I have a NVT simulation with a constant external electric field using the option “electric-field-z = 1.5 0 0 0”
When calling gmx energy -f (…).edr to calculate the potential energy of the system, is the energy due to interaction with the electric field included or not?
Particularly, I have a lot of molecular dipoles in the system which can align wrt to the electric field. I want to know if the dipole - field interaction energy is contained in the potential from gmx energy.
In general it is not possible to define an energy, so this is not computed by mdrun. If you only have neutral molecules, you can compute this energy afterwards from the net dipole of the system. I forgot if mdrun always stores the dipole in the energy file. If not, you can use an analysis tool.
Note that you need to think about the choice of boundary condition at infinity (surface_epsilon mdp parameter) when using an electric field.

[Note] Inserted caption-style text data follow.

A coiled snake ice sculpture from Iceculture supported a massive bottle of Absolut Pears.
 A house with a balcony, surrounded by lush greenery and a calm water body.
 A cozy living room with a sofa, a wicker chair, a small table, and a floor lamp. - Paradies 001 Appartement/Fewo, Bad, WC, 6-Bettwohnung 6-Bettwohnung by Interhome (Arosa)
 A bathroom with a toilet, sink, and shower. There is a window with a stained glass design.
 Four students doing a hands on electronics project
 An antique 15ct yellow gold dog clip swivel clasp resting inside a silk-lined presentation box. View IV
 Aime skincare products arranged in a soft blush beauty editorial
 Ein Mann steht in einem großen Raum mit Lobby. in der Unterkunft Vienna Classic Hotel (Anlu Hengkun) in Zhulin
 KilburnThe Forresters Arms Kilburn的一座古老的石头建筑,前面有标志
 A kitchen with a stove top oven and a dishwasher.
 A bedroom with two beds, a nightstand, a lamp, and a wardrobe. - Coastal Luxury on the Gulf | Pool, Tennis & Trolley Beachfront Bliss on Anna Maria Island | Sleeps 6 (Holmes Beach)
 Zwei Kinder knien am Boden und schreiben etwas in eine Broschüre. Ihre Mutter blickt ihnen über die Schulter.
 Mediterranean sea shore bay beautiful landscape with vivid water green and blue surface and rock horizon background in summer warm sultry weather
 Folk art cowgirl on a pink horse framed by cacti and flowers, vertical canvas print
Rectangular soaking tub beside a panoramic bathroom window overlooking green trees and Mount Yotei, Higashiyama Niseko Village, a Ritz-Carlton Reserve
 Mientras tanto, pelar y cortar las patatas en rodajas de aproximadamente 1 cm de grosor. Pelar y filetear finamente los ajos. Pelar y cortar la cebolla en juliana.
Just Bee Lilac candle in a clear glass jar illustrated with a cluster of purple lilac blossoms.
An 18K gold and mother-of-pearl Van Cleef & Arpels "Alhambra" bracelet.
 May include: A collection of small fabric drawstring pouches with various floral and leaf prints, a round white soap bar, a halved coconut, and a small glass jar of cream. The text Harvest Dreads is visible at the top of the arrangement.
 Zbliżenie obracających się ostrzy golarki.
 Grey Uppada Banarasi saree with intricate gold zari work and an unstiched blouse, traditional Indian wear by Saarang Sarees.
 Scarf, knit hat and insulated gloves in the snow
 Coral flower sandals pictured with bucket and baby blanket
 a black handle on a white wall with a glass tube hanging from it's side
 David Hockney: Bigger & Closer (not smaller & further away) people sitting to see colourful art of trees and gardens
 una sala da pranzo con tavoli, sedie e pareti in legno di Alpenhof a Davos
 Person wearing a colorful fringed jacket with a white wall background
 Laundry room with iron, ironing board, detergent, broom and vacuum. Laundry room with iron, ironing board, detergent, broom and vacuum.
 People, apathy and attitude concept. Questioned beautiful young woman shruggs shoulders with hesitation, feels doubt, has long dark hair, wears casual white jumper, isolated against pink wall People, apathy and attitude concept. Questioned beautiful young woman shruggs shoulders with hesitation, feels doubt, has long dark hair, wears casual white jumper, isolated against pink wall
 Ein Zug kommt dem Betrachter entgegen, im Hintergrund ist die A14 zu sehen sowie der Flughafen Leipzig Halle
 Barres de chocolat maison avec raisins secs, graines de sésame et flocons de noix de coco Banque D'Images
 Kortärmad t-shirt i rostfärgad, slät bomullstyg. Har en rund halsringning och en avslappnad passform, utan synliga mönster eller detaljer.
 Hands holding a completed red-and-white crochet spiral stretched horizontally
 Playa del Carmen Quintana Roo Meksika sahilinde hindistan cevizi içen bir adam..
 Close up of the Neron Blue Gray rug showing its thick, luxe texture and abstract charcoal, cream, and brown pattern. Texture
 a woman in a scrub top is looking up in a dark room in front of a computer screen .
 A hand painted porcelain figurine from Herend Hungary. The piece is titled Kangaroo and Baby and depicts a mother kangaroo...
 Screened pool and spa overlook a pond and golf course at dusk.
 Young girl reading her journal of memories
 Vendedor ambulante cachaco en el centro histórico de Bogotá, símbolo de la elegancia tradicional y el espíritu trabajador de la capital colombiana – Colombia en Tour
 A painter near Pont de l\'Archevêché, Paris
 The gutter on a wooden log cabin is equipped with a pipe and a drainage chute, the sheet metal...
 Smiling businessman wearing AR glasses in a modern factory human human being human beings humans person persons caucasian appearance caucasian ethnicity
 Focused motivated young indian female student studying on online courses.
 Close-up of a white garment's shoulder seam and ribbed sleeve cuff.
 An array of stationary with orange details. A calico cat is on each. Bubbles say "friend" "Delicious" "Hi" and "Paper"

By default PME has conducting boundary conditions. This is fine with normal stimulations. But when adding an external electric field, it starts to matter a lot. With conducting boundary conditions dipoles will align in the field and periodically interact without penalty. With epsilon-surface=1 you get insulating boundary conditions and there is a large penalty to building up a net dipole. In the simple case of a dipole in a box of water, the electric field is amplified by a factor epsilon_r (about 80) when using conducting boundary conditions.
How can I determine the best value of epsilon for my situation? I have a kind of homogeneous crystalline solid. So should it just be the relative permittivity of the substance?
In general insulating boundary conditions gives the correct average polarization and conducting boundary conditions gives the correct fluctuation of the polarization.
But in most cases you can only use conducting boundary conditions as mdrun only supports epsilon-surface>0 when each molecule consists of a single update group (so it doesn’t get broken over PBC). You can get the correction factor for the electric field for use with conducting boundary conditions by computing the dielectric permittivity of your system using gmx dipoles.
Just to clarify: you mean that if I apply a field E with conducting boundary conditions, and the relative dielectric permitivitty (epsilon.xvg from gmx dipoles) is e_r, the “actual” field felt by the system is e_r * E?
I would like to understand a bit better how the electric field has been implemented in GROMACS.
Could you please refer the relevant files that I have to check to proceed with?